Resilienz aufbauen, praktisch angewendet
Die Schutzfaktoren, die Mechanismen und eine ehrliche Einschätzung der Evidenz
Wie baut man wirklich Resilienz auf?
Resilienz ist keine feste Eigenschaft, die man entweder hat oder nicht — sie ist das Produkt von Schutzfaktoren, die gestärkt werden können: unterstützende Beziehungen, die Fähigkeit umzudeuten, ein Gefühl von Sinn, grundlegende Selbstfürsorge und realistischer Optimismus. Die Forschung zu diesen Faktoren ist real, aber größtenteils beobachtend — betrachte sie also als gut gestützte Richtungen, nicht als garantierte Formeln.

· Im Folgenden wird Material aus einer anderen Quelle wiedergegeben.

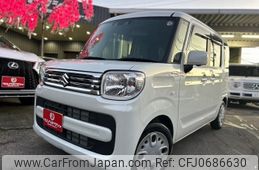 suzuki spacia 2023 -SUZUKI 【大分 581ﾅ5831】--Spacia MK53S--010526---SUZUKI 【大分 581ﾅ5831】--Spacia MK53S--010526-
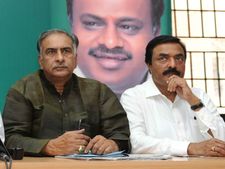 'ಸಂಸದೀಯ ಕಾರ್ಯದರ್ಶಿಗಳ ನೇಮಕದ ಅಗತ್ಯವೇನಿದೆ?'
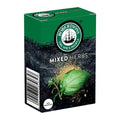 Robertsons Mixed Herbs Dry Herbs Refill 18g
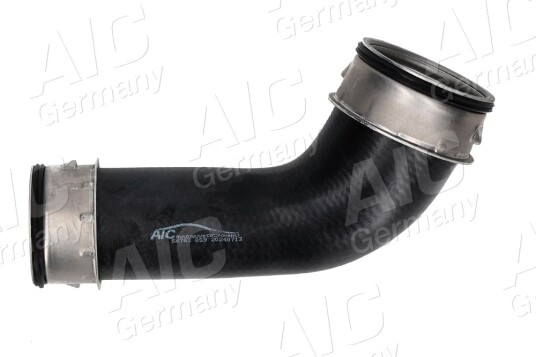 AIC 56763 Ladeluftslange AIC 56763 Ladeluftslange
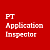 PT Application Inspector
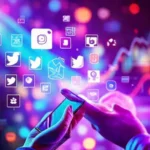Tendencias en comunicación digital para destacar en redes sociales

Resilienz wird oft als Härte oder als angeborene Gabe missverstanden. Die Forschung weist auf etwas Nützlicheres hin: Resilienz entsteht aus einer Reihe von Schutzfaktoren, von denen die meisten sich bewusst aufbauen lassen. Dieses Konzept fasst diese Literatur in Praktiken zusammen — Verbindung, Umdeutung, Sinn, Selbstfürsorge, realistischer Optimismus und Fähigkeitsaufbau — jeweils mit dem Mechanismus, der sie wirksam macht, und einer ehrlichen Anmerkung, dass die Evidenz größtenteils korrelativ ist.
Übungen
- Unterstützende Verbindung aufbauen
Investiere in ein paar verlässliche Beziehungen — Verbindung ist der stärkste Schutzfaktor.
- Durch kognitive Umdeutung umformen
Ändere, wie du einen Stressor interpretierst — seine Bedeutung, seinen Umfang, seine Dauerhaftigkeit —, um seine emotionale Wirkung zu ändern.
- Ein Gefühl von Sinn kultivieren
Verbinde tägliche Anstrengung mit etwas Größerem — Werten, Sinn, Menschen — damit Schwierigkeit einen Ort hat, auf den sie zeigen kann.
- Die physiologischen Grundlagen schützen
Behüte Schlaf, Bewegung und Ernährung — sie legen die Kapazität des Körpers fest, überhaupt mit Stress umzugehen.
- Realistischen Optimismus üben
Halte eine zuversichtliche Erwartung durchzukommen, während du die brutalen Fakten ehrlich anschaust.
- Bewältigungsfähigkeiten vor dem Sturm aufbauen
Übe Regulationsfähigkeiten in ruhigen Zeiten, damit sie unter Druck verfügbar — und glaubwürdig — sind.